• Dataset extract
--------------------------------
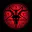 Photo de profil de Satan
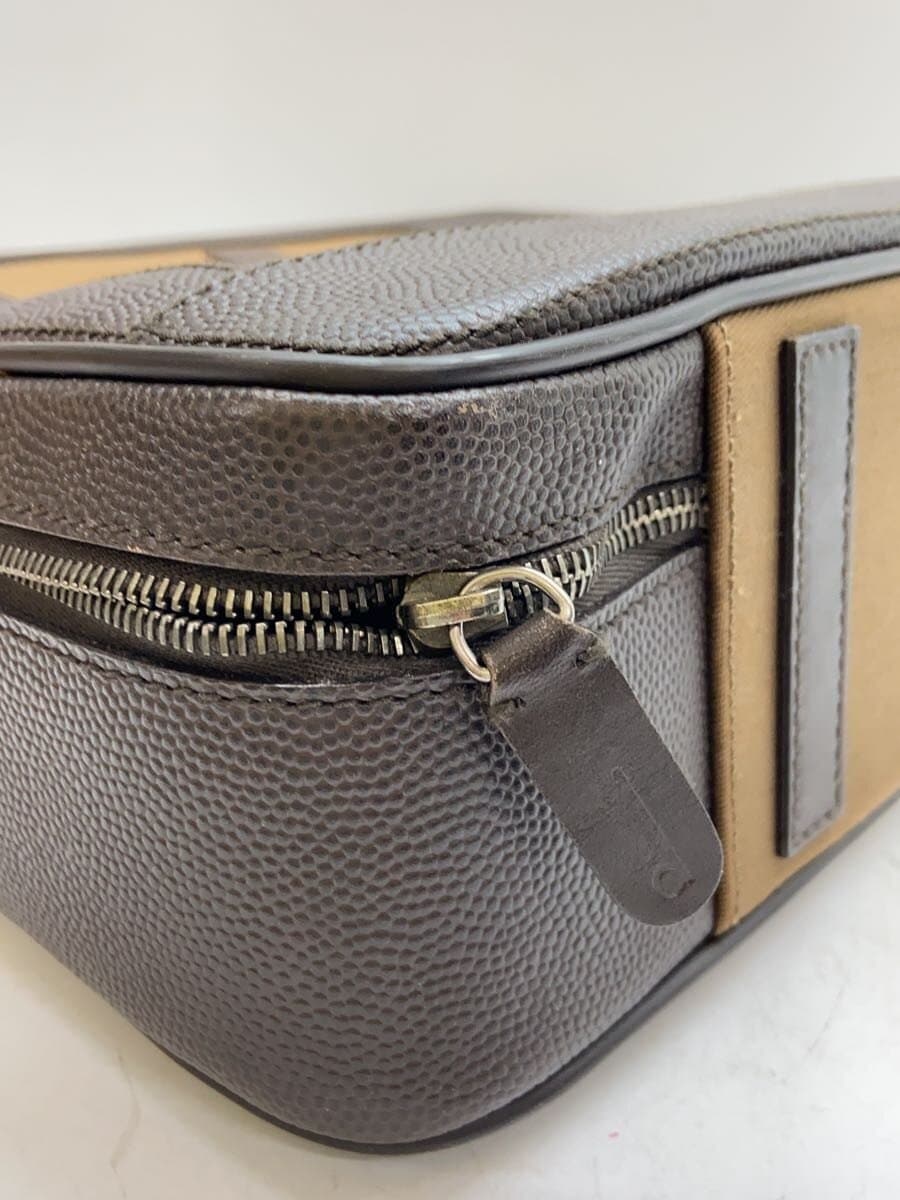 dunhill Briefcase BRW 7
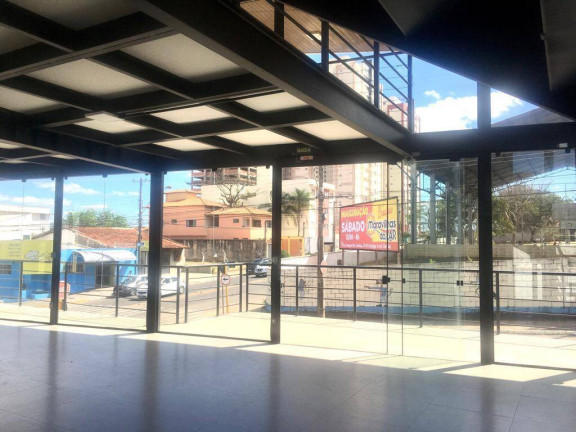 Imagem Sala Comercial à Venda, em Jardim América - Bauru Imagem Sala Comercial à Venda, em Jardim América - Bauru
--------------------------------
• What to do
Repeat every line of the data above exactly, but drop the pictures.

• Expected answer
 Photo de profil de Satan
 dunhill Briefcase BRW 7
 Imagem Sala Comercial à Venda, em Jardim América - Bauru Imagem Sala Comercial à Venda, em Jardim América - Bauru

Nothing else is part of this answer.